Before BOYCE F. MARTIN, Jr. and BOGGS, Circuit Judges, and CONTIE, Senior Circuit Judge.

PER CURIAM.


Defendant, Elbert L. Hatchett, who was convicted on four counts of failure to pay income tax, appeals the district court's denial of his motion to reduce his sentence and to disqualify the trial judge from considering the motion to reduce his sentence.

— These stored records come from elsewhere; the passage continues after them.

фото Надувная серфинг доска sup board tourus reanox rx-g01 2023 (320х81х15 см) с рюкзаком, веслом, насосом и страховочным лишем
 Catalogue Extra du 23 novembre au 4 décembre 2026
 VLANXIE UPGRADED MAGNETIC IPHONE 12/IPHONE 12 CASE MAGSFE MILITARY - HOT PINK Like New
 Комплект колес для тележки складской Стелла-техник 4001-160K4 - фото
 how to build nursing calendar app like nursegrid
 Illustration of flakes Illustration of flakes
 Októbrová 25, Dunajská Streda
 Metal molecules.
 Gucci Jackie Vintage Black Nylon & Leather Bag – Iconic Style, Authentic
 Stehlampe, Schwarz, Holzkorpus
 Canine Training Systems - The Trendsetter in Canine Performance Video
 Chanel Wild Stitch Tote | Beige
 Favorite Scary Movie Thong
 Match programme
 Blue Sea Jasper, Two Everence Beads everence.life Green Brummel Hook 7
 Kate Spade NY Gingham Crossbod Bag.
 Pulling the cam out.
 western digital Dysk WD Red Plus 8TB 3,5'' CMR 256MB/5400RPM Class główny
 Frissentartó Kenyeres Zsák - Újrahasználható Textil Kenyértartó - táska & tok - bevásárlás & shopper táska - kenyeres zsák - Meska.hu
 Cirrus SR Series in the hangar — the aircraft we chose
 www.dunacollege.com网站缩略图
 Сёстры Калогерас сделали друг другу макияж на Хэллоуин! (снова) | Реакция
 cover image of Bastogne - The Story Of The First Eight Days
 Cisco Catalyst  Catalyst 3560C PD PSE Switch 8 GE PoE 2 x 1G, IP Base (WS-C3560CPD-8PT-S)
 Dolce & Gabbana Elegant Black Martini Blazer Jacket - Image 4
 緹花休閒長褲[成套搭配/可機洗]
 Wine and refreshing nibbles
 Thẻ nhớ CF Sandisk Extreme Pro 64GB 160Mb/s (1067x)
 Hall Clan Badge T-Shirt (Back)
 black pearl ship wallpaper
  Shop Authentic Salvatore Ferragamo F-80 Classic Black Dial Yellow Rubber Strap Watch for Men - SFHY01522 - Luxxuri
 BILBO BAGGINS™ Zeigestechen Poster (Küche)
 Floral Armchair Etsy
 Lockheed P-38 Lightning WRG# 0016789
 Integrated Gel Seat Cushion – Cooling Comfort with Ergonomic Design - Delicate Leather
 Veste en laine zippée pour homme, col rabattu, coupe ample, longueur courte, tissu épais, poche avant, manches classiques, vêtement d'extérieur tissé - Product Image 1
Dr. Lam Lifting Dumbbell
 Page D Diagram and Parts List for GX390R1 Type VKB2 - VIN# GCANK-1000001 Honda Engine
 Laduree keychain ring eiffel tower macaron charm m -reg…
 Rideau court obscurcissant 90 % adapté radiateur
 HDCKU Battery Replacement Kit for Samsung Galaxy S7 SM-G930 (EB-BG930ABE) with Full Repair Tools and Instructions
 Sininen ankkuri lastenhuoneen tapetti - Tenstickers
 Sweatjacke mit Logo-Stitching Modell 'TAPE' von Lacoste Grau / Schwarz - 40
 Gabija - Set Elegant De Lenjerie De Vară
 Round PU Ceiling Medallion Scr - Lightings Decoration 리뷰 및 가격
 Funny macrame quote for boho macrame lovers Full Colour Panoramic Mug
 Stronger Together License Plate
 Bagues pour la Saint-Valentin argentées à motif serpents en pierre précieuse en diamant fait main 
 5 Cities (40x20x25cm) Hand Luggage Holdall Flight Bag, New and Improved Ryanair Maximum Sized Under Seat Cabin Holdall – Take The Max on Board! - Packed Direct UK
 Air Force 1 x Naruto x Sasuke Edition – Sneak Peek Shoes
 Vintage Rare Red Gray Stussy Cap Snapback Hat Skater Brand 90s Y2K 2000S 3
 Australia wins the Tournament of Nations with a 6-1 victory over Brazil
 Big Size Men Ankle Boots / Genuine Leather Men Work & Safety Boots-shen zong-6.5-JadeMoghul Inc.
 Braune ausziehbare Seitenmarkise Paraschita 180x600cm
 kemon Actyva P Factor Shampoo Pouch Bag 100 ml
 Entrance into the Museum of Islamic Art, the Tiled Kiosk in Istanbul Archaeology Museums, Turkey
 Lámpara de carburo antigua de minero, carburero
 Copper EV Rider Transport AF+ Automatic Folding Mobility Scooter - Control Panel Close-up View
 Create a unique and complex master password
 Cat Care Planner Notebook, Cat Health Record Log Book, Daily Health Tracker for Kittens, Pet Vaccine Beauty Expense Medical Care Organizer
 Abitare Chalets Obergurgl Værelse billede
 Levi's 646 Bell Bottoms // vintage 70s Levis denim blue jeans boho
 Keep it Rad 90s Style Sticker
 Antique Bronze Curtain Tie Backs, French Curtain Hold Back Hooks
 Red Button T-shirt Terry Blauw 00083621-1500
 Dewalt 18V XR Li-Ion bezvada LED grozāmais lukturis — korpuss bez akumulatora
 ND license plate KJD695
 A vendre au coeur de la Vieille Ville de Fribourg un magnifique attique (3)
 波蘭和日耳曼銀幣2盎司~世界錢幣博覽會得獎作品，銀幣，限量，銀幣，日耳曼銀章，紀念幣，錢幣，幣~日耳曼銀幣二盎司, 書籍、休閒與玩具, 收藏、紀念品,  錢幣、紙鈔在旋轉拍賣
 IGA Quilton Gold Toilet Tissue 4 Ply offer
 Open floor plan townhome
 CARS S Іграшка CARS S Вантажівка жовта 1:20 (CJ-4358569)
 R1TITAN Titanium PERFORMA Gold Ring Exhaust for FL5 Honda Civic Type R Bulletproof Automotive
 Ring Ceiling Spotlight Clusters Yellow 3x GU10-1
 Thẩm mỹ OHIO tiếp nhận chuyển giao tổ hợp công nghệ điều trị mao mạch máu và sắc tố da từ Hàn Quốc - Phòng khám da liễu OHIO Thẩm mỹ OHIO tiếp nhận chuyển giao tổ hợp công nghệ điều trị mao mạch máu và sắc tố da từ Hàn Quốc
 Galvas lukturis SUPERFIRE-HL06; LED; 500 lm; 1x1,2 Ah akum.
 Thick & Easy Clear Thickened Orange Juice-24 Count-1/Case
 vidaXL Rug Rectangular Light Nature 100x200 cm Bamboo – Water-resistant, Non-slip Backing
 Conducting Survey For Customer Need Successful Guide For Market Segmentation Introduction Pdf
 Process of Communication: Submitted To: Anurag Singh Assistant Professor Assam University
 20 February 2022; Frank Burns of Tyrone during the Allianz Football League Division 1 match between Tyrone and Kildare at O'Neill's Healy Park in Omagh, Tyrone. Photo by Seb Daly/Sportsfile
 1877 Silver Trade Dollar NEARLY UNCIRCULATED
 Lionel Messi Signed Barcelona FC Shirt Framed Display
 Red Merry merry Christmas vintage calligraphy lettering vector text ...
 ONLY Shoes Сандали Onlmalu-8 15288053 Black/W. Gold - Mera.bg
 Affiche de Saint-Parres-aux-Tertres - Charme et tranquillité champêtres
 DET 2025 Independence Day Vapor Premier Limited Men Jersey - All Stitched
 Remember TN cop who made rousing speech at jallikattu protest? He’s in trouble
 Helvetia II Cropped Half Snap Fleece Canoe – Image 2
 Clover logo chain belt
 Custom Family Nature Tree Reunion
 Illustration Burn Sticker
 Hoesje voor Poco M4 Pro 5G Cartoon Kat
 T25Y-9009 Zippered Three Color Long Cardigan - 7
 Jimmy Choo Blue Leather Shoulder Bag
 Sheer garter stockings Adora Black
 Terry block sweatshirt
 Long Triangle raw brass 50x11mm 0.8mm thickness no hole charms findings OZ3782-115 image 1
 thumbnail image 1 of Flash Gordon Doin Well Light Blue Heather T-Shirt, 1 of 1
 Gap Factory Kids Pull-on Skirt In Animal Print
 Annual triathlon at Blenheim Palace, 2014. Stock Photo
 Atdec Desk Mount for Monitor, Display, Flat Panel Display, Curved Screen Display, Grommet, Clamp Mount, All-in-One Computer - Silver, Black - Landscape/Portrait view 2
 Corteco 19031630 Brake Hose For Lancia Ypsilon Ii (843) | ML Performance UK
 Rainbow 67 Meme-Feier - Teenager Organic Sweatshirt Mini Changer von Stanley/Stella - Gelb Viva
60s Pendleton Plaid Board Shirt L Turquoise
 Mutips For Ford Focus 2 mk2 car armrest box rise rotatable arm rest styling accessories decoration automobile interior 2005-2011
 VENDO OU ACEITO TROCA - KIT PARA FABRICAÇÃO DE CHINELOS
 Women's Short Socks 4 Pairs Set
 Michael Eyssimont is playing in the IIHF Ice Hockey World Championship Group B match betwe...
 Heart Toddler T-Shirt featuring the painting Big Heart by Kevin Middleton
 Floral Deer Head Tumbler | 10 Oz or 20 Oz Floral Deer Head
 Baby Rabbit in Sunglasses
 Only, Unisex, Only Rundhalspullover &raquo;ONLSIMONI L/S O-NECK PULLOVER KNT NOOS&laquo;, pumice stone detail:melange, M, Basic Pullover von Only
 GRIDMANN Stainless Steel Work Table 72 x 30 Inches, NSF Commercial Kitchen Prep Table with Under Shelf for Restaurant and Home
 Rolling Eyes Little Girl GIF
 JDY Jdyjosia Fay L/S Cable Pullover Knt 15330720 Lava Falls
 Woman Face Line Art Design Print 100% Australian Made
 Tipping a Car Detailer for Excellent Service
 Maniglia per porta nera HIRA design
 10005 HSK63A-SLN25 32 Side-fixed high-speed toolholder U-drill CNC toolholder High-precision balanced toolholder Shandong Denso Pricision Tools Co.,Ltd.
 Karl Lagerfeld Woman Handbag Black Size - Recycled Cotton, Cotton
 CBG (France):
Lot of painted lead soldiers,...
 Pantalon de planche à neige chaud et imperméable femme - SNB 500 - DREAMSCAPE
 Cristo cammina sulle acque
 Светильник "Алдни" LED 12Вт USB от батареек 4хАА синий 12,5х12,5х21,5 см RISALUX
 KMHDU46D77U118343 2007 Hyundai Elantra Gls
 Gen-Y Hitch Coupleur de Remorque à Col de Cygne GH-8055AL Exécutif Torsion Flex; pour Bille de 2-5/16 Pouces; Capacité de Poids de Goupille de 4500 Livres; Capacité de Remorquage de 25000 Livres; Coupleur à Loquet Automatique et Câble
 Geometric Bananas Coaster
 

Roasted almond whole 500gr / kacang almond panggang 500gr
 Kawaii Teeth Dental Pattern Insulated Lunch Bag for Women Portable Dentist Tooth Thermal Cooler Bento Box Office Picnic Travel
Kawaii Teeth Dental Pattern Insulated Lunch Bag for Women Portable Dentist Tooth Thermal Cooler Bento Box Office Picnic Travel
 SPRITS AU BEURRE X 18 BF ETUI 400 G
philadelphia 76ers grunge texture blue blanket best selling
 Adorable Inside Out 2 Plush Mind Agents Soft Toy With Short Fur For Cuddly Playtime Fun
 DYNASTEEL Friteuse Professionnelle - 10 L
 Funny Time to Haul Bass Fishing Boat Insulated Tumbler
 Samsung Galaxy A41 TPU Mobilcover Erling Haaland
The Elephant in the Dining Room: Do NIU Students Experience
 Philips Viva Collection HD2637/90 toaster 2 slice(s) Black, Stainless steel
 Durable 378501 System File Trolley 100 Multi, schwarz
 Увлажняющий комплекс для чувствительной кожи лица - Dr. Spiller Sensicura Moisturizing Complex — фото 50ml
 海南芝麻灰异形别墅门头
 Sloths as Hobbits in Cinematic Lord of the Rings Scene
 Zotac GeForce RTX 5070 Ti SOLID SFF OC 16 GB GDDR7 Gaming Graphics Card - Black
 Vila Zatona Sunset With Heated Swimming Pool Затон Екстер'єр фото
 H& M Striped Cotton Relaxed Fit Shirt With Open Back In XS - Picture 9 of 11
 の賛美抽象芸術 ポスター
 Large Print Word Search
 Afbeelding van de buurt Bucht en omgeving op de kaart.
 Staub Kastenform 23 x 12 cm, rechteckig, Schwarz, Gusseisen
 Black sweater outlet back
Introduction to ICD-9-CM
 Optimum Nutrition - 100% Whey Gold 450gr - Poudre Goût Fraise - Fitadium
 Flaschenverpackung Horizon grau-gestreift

Attorney Elbert L. Hatchett was indicted on October 28, 1988, for three felony counts and five misdemeanor counts for failing to pay his income taxes. On March 31, 1989, a jury acquitted Hatchett of all the felony counts, but found him guilty on four of the five misdemeanor charges of willful failure to pay income tax. Hatchett was sentenced to one year in jail and a $25,000 fine on each of three counts. On the fourth count, his sentence was suspended and he was placed on five years probation in addition to a $25,000 fine. The court ordered that all the sentences run consecutively for a total three year jail sentence.1 

Hatchett filed a notice of appeal and sought to continue his bond pending appeal. The district court determined, however, that Hatchett's appeal did not raise a substantial question that would likely result in reversal of his conviction. This court overturned the district court's decision and ordered that Hatchett's bond be reinstated.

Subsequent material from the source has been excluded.